La lectura fue grata. La poeta, sin incurrir en spoilers, ponía en situación a los oyentes para que pudieran comprender
cada poema casi como si lo tuviese delante, pero lo hacía sin prolijidad, lo
cual es de agradecer (en cuántas lecturas entre presentaciones, explicaciones
previas y posteriores, balbuceos y barajeo de papeles no se han llegado a oír
diez poemas). Es mérito de este libro que no cargue las tintas de la emoción cuando
ya la tiene el tema que aborda. Hay muchos versos felices y algún buen poema, pero en
conjunto tal vez les falte alcance, a veces hasta intención. Al cabo de un
tiempo percibí que había algo que me molestaba, y creo que era un tácito
menoscabo de la figura paterna (figura que desaparece llamativamente en las
secciones segunda y tercera del libro), ninguneo que en algún momento muchos padres habrán sentido. Que la naturaleza haya negado al hombre la
facultad de gestar o amamantar no convierte la paternidad, a mi modo de ver, en
subsidiaria, y superadas estas etapas la importancia de ambos progenitores no
tiene por qué ser distinta. Su papel tal vez sí, pero no su importancia. Eso era, sí, lo que me escarabajeaba, pero a parte de mis reparos lo que
contaban los poemas era tan de verdad –la vida misma– que fueron ganando al
auditorio.
Acabada la lectura, invitado éste a preguntar o
comentar, una mujer felicitó a la autora porque, decía, no hay libros de poesía
que aborden íntegramente la maternidad –haberlos haylos–, y agradeció su
valentía.
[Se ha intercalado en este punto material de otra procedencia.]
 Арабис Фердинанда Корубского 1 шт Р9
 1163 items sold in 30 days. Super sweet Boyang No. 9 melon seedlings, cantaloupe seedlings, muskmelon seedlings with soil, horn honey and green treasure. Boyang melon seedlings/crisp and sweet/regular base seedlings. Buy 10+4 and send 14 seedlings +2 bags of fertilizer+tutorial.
Fue entonces, y se veía venir, cuando tuvo que salir la palabra reivindicación. Hubo cabeceos cuando
otra mujer vino a proclamar que por qué la poesía no iba a hablar, por ejemplo,
de la menstruación, y aludió a la Peri Rossi y otro par de horribles pseudopoetas
por las que entiende uno que se creara la despectiva voz poetisas. Ya no pude callarme y tomé la palabra con la sana
intención de aguar aquella incipiente fiesta. La mejor reivindicación que se
puede hacer de cualquier cosa, dije, es tratarla con rigor y naturalidad, sin
que haya nada de valiente (y sí mucho de estúpido) en forzar la nota para intentar
epatar. Y llegó el momento de gastar el triunfo que tenía en la mano. Precisamente
una poeta de verdad escribió un libro sobre la maternidad, su propia maternidad
proyectada en la de la Virgen: los Trances
de Nuestra Señora, de María Victoria Atencia. Ella no necesitaba anteponer
su condición de mujer para serlo plenamente, pues entendía que antes que mujer se es persona. Añadí que ese era el problema de la mayoría de la poesía escrita
por mujeres, que convierten el punto de partida en punto de llegada, y que por
eso las poetas españolas que admiro son las que escriben poemas que en lo
esencial no se diferencian de los que escriben los hombres, contándose éstas con
los dedos de una mano: la propia Atencia, Rosalía de Castro, Amalia Bautista,
Susana Benet y Aurora Luque, y a veces (con los dedos de las dos manos) Dionisia
García, Isabel Escudero, Pilar Pardo, Laura Campmany, Olga Bernad, Herme G. Donis o Rocío Arana.
Salí de mi ensoñación cuando los primeros asistentes
se levantaban. El corazón me latía a toda vela. Naturalmente, no había dicho ni
Pamplona. Otra vez será, y entonces verán.